- [EXERCISE BRIEF] Transcribe exactly the lines from the one holding "Apartman Joy Carei 3 Temesvár" through the closing line of the entries below. Pictures stay out of the copy.

Brief descriptive captions:
········
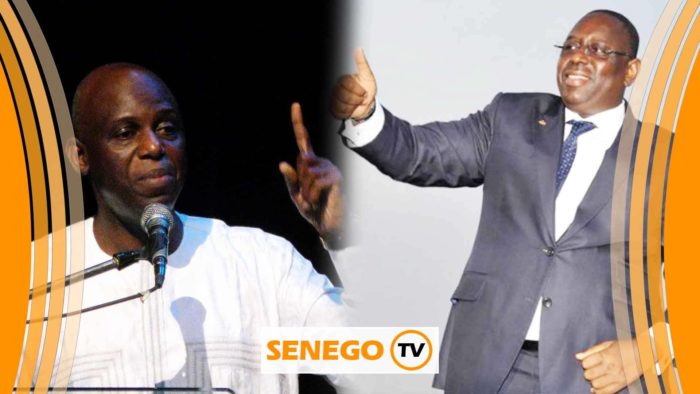 Senego TV – Mansour Faye : « Macky Sall réélu, le Sénégal sera le pays le plus développé d’Afrique ». Regardez !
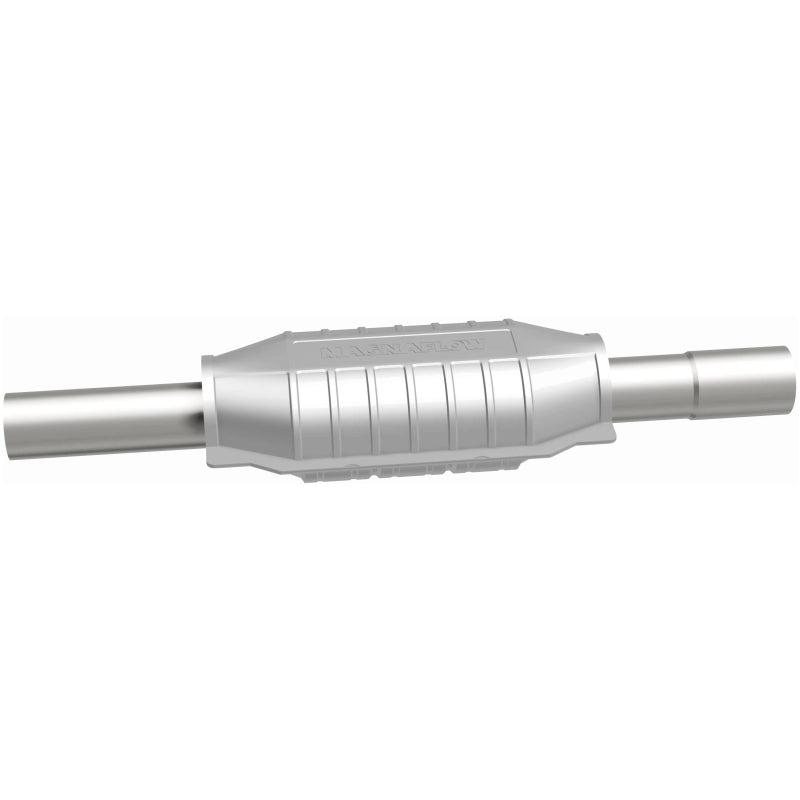 MagnaFlow Standard Grade Federal / EPA Compliant Direct-Fit Catalytic Converter 23401 Photo - out of package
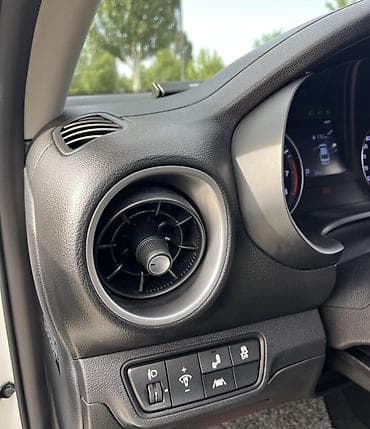 Продажа авто: Kia K3: 2019 г., 1.6 л, Автомат, Бензин, Седан — 6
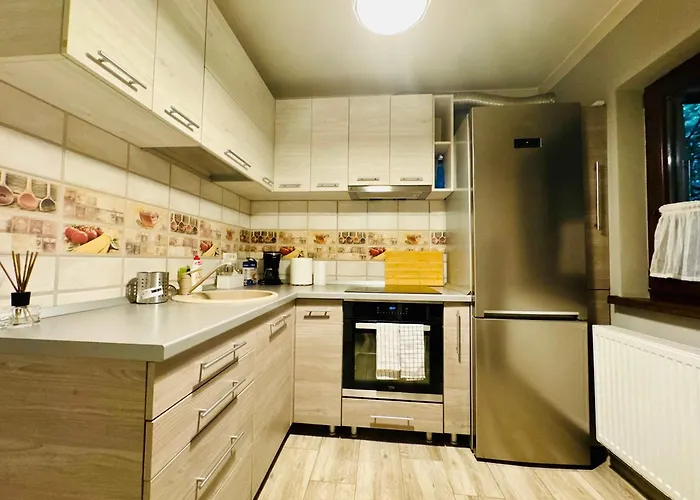 Apartman Joy Carei 3 Temesvár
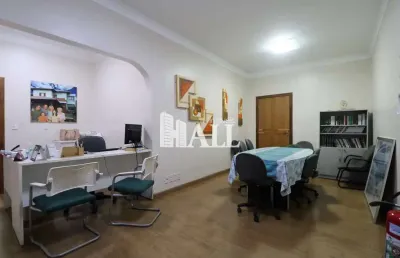 Casa com 4 dorms, vila fioresi, são josé do rio preto - r$ 1 mi, cod: 7527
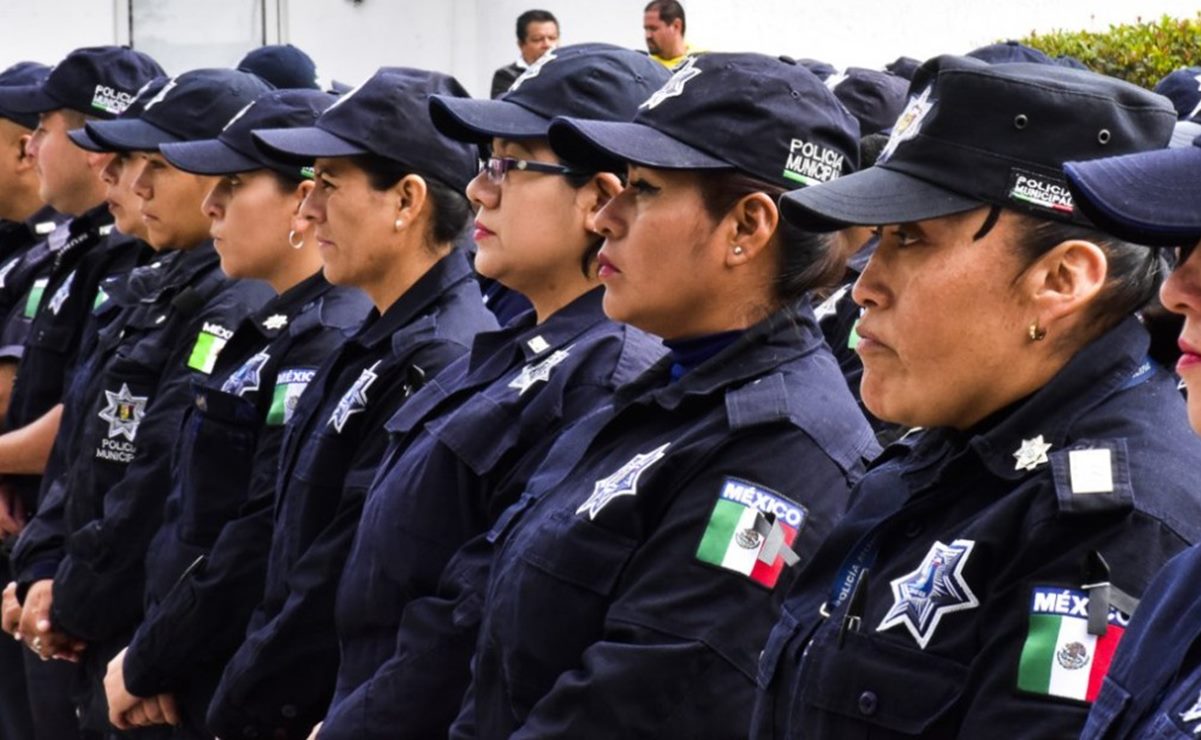 Soledad desplegará 150 elementos de seguridad por Buen Fin 2020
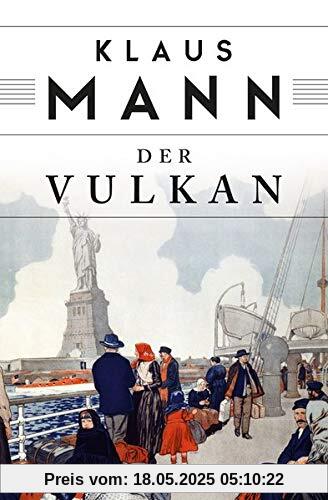 Der Vulkan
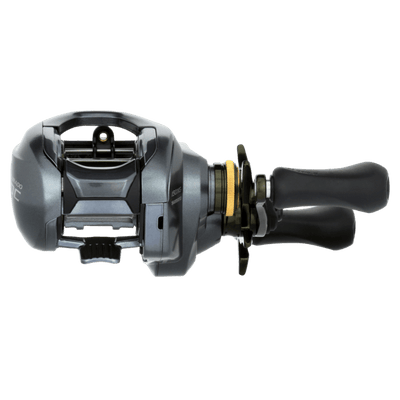Shimano - Curado DC Low-Profile Baitcast Reel Fishing Reel Shimano 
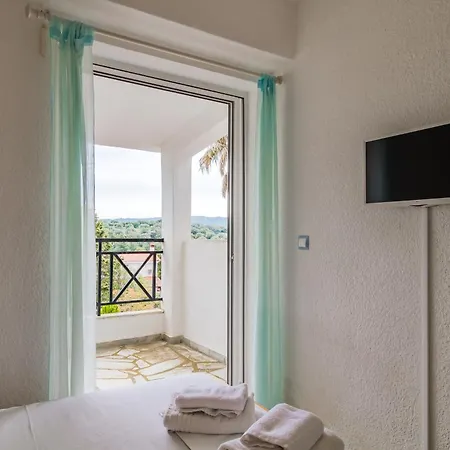 Possidi Zen Maisonette By Pro - Halkidiki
········
- [WRITTEN SOLUTION]
 Apartman Joy Carei 3 Temesvár
 Casa com 4 dorms, vila fioresi, são josé do rio preto - r$ 1 mi, cod: 7527
 Soledad desplegará 150 elementos de seguridad por Buen Fin 2020
 Der Vulkan
Shimano - Curado DC Low-Profile Baitcast Reel Fishing Reel Shimano 
 Possidi Zen Maisonette By Pro - Halkidiki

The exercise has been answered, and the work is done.